乙女座では木星がデトリメント(障害)する

古典占星術では木星は射手座と魚座の支配星にあたります。

そのため真逆の位置である対向サインの双子座と乙女座では、木星のちからをポジティブに発揮するのが難しいのです。

双子座も乙女座も、水星が支配するサインです。

要するに、惑星としては木星と水星は相性がイマイチ…ということ。

ゆったりと大きく包み込むような魚座木星は、乙女座の細かく分析的な思考や管理的な環境に馴染みにくく、

木星本来の、ゆったり広がる様子・包み込むような愛・幸運・楽観性が、乙女座の秩序にこだわり細分化や分析を好む性質によって制限され、豊かさの広がりを小さくしてしまいます。

そのため木星にとって乙女座はデトリメント(障害)とされたのだと思います。

「木を見て森を見ず」という言葉がありますが、

  • 乙女座…細分化(木)
  • 魚座…全体性(森)

数多ある木々の細部が気になってしまい、視野を広げて森全体を見ることができない状態になりやすいのが、乙女座の木星です。

視野狭窄になりやすく、分かりやすいかたちの幸運では無いかもしれませんが、それでも乙女座木星の強みは「細部への注意力と実用性を信じて積み上げる力」だと思います。

森を見れずとも数多の木の1本1本を深く観察し分析し理解し、丁寧にコツコツと信頼を積み上げていくことが、いつか大きな豊かさと祝福につながると信じ抜き実践できるのだと思います。
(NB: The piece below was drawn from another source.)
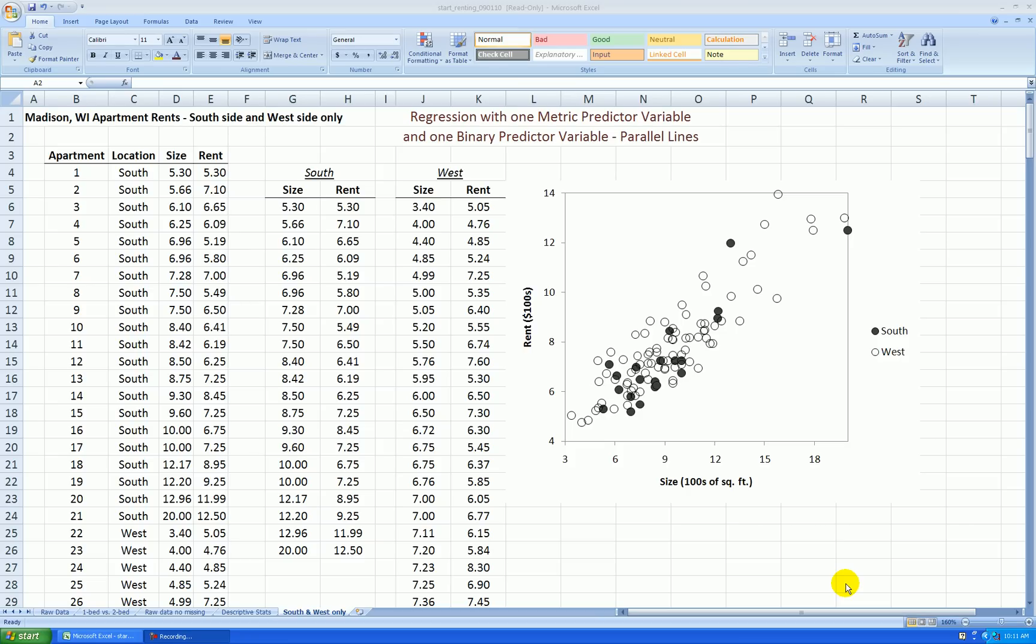Hello. In this video, I'll be showing you how to run a parallel lines regression analysis.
金星が乙女座でフォールするのは、魚座でイグザルテーションするから

金星は魚座にあるときイグザルテーション(高揚)となりますが、乙女座にフォール(減衰)の品位になります。

冷たく湿っているコールド&モイストな金星は、同じくコールド&モイストな魚座と調和するので居心地がよく、良さを発揮しやすいのですが、

乙女座はコールド&ドライな場所なので、金星の愛情や美に潤いが足りなくなる…と言いますが、コンサバティブな傾向がでてしまいます。
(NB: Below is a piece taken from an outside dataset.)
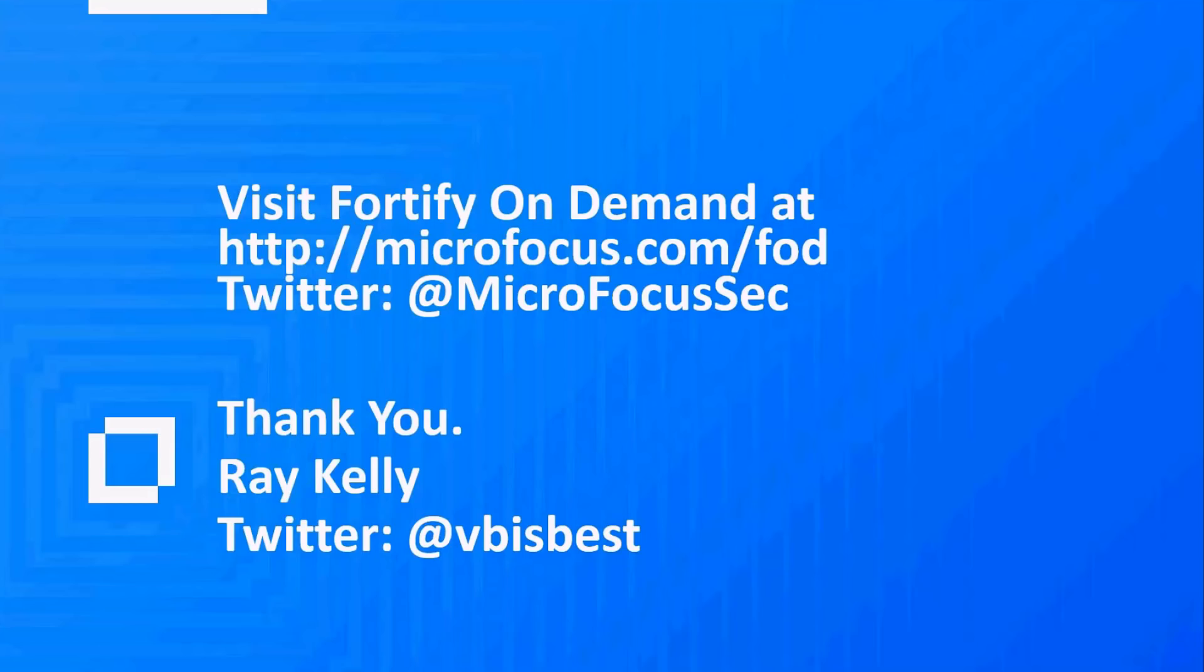For more information, you can visit us at Fortify on Demand on the Micro Focus website and get more information about testing your dynamic applications as well as mobile applications. Thank you and have a good day.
現実派でコンサバティブな乙女座金星は、ロマンティックな愛ではなく、現実的で奉仕的な愛情表現として現れやすいです。

美に関しては細部までこだわり、重箱の隅をつつくような批評が出がちかもしれませんが、裏を返せば職人やアーティストとしては、完璧な作品を作り上げる可能性があります。

ですが金星は楽しみを享受したい遊びの星です。

乙女座のシビアで実用性に即したドライな環境では、金星てきな潤いや楽しみを享受しにくいため、金星はのびのび振舞えず居心地がよくないのです。

(;^ω^)ダラダラ遊んでないで
    ちゃんとしなくては…

みたいなイメージでしょうか笑

処暑(乙女座0度)周辺時期の伝承や習わし

自然界は朝夕の涼しさや虫の声に加え、処暑には萩や秋の七草(ハギ・キキョウ・オミナエシなど)の花が咲き始め、秋の気配が強まってきます。
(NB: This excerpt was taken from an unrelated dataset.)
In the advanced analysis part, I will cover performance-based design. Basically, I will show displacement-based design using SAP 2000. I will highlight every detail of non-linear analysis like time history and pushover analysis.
太陽が黄道150度、乙女座入りした処暑の頃は、収穫、豊穣への感謝や祈り、そして実りの季節の準備をテーマとした習わしが多く、いくつかピックアップします。

吉田の火祭り・すすき祭り:日本

富士山の麓、山梨県富士吉田市の「吉田の火祭り」(8月26~27日)は、夏山シーズンの終わりを告げるお祭りです。

富士山北口浅間神社と諏訪神社で、高さ3mの大松明およそ100本に点火し炎に包まれます。

450年以上の歴史があり、日本三大奇祭、日本10大火祭りに数えられています。

ヴォルカナリア祭:古代ローマ

8月下旬のローマは一年で最も暑く乾燥し、火災のリスクが高まる時期でした。

毎年8月23日に祝われていたヴォルカナリア祭は、鍛冶や火山を司る火の神ウルカヌスを祀り、鎮めるために行われていた祭礼です。

現代では行われていませんが、燃える火の中に魚や小動物を生きたまま投げ入れ、人間や家畜の身代わりとする儀式は、神の怒りを鎮めるための生命の交換でした。

オピコンシウァ祭:古代ローマ

豊穣・農業・富を司る女神オプスを讃える古代ローマの祭礼で、毎年8月25日に祝われていました。

小麦の収穫を終え、穀物の管理や保管のための仕分け作業の時期にあたり、オプスはラテン語で「豊かさ・収穫・仕事」を意味する言葉に由来しています。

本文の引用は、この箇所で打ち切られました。